** TASK REQUIREMENTS **
Exactly the lines from the line containing "INVIN ART Metal" through the final line of the entries below must be returned, and only those, without pictures.

** Pictures with short captions **
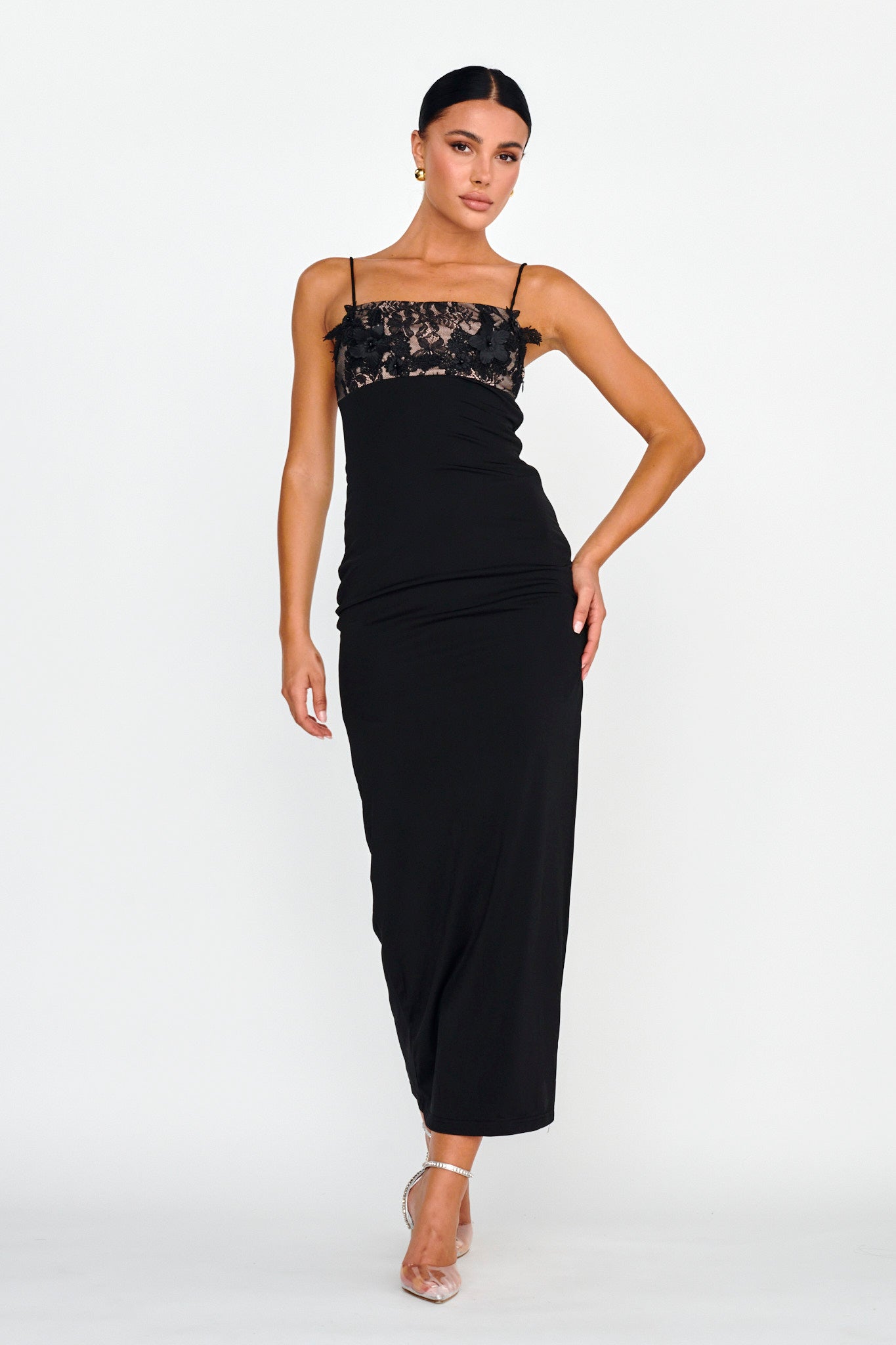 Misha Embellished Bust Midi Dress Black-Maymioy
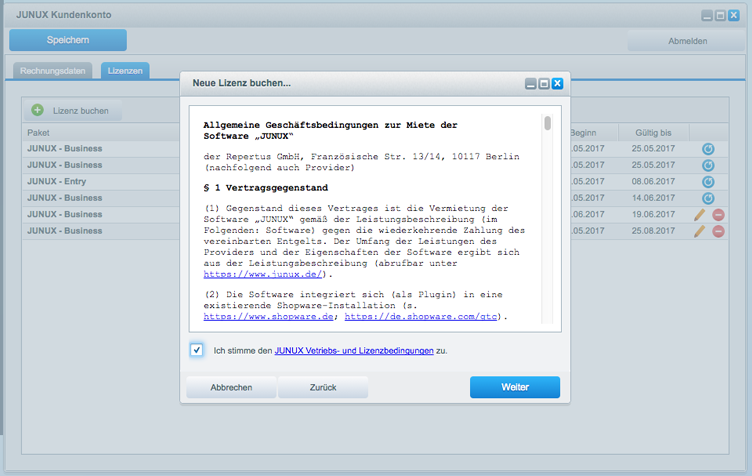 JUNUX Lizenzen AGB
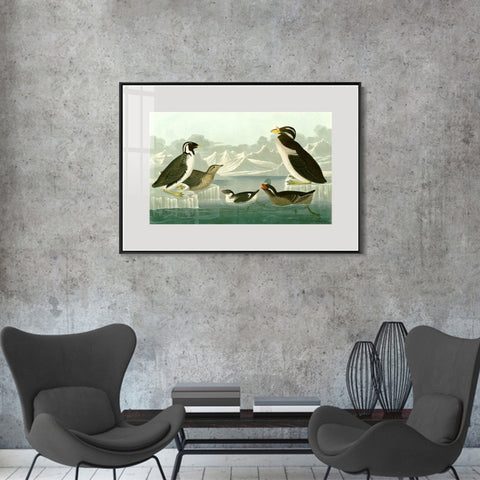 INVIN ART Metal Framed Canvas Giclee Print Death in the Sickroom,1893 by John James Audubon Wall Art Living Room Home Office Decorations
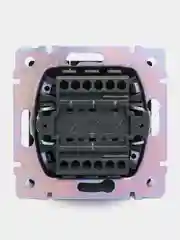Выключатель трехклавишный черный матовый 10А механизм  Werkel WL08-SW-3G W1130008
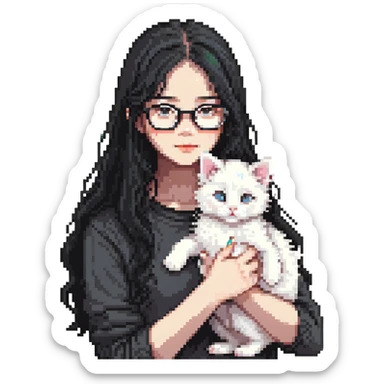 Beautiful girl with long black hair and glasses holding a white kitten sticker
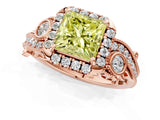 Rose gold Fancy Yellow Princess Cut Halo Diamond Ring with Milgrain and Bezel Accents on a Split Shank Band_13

** EXERCISE SOLUTION **
 INVIN ART Metal Framed Canvas Giclee Print Death in the Sickroom,1893 by John James Audubon Wall Art Living Room Home Office Decorations
Выключатель трехклавишный черный матовый 10А механизм  Werkel WL08-SW-3G W1130008
 Beautiful girl with long black hair and glasses holding a white kitten sticker
 Rose gold Fancy Yellow Princess Cut Halo Diamond Ring with Milgrain and Bezel Accents on a Split Shank Band_13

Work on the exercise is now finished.